El Pontífice respondió a las críticas del presidente de Estados Unidos defendiendo el Evangelio, el diálogo y la obligación moral de la Iglesia de alzar la voz frente a los conflictos armados.
El nuevo foco de tensión entre Donald Trump y el papa León XIV quedó expuesto tras los cuestionamientos del mandatario estadounidense a las posturas del Vaticano sobre la guerra y la política internacional. Trump calificó al Pontífice como “débil ante el crimen” y lo atacó por sus posiciones sobre seguridad, inmigración y el conflicto con Irán, en una escalada verbal que volvió a poner en evidencia la distancia entre la Casa Blanca y la Santa Sede.
La respuesta del Papa mantuvo un tono distinto.
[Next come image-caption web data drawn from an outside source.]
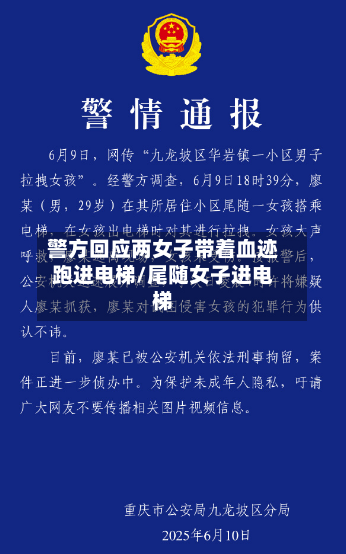 警方回应两女子带着血迹跑进电梯/尾随女子进电梯-第2张图片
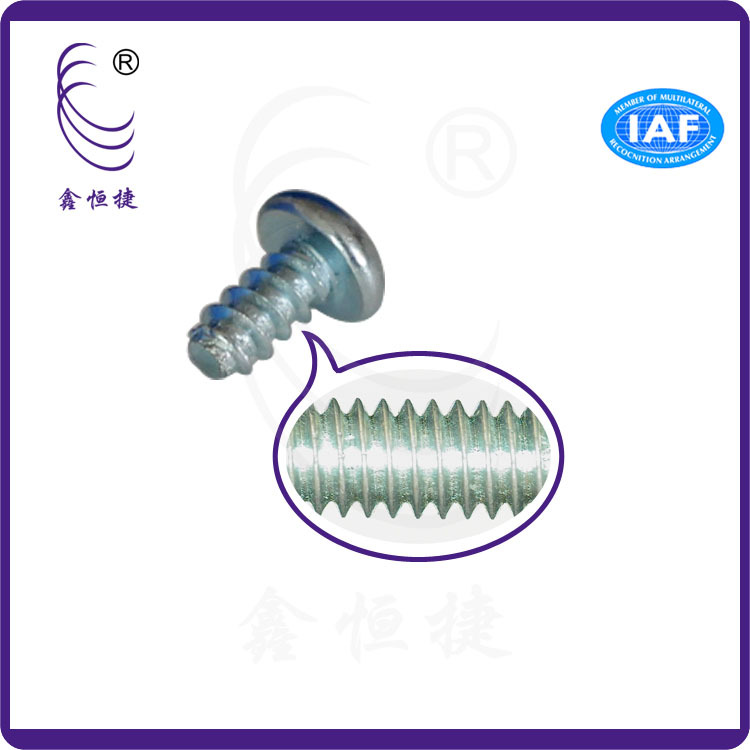 十字盘头平尾自攻螺丝-2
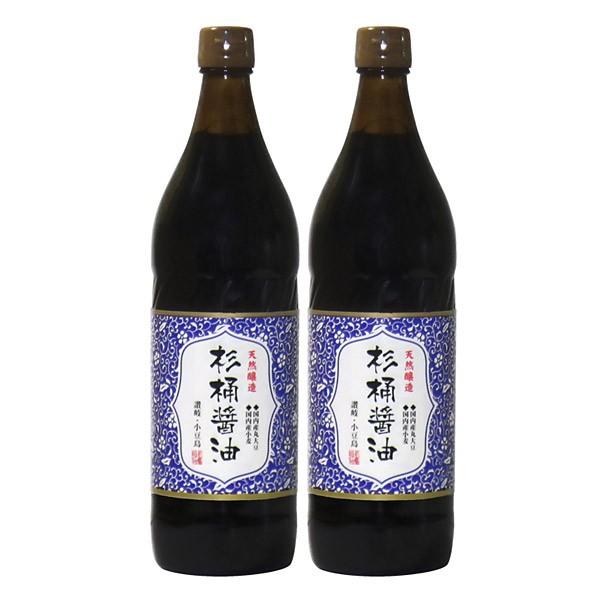マルシマ 杉桶醤油 ギフトセット 900ml×2本 | 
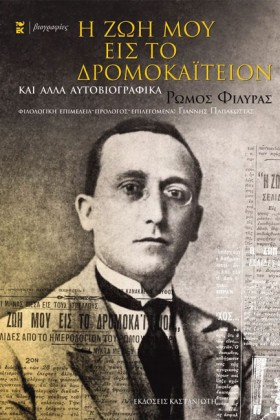 Η ΖΩΗ ΜΟΥ &hellip;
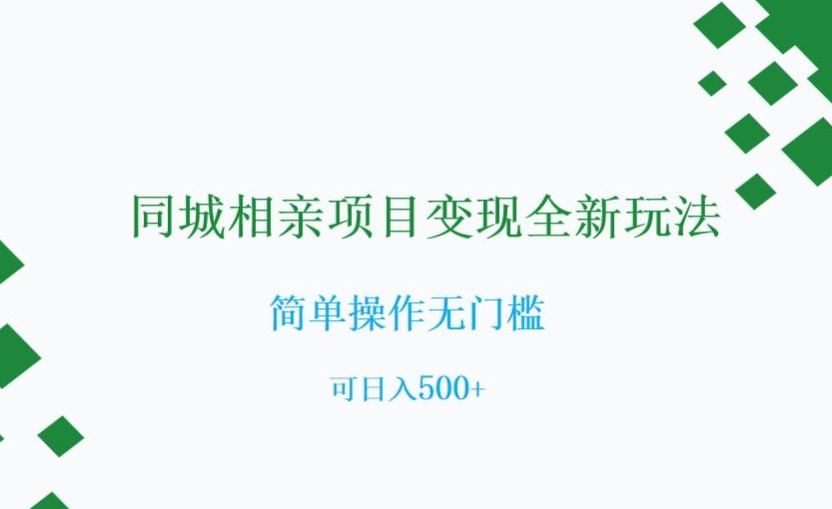 同城相亲项目变现全新玩法，简单操作无门槛，可日入500+【揭秘】_豪客资源库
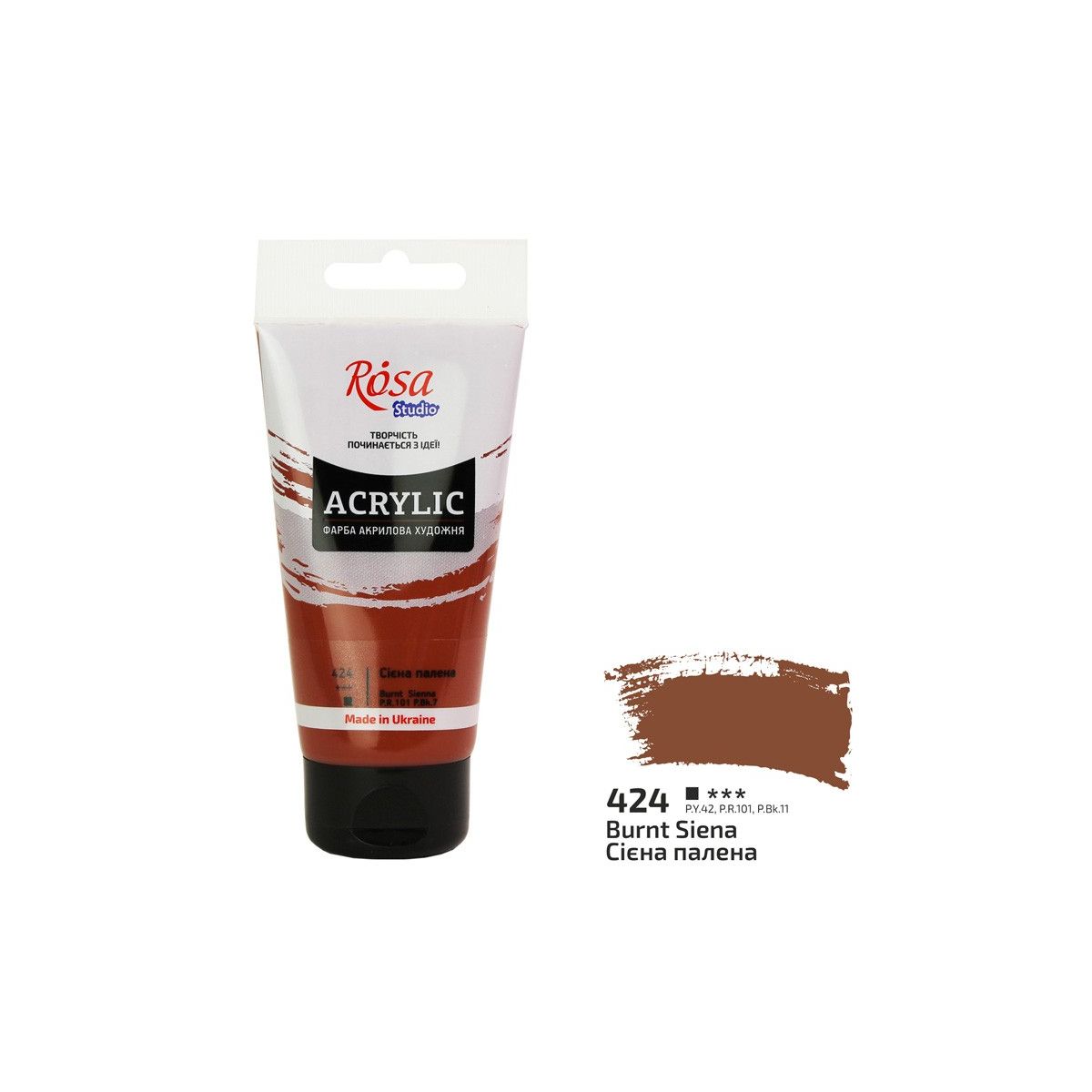 Farba akrylowa Rosa BURNT SIENNA kolor: brązowy 75ml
Durante un vuelo rumbo a Argelia, León XIV sostuvo que seguirá hablando contra la guerra y dejó claro que su posición no responde a una lógica política, sino evangélica. “El Evangelio es claro”, afirmó el Pontífice, al insistir en que la Iglesia tiene la responsabilidad de promover la paz, la reconciliación y el diálogo frente a la violencia. En ese mismo contexto, remarcó que su misión es actuar como mensajero de paz, incluso en escenarios internacionales marcados por la confrontación.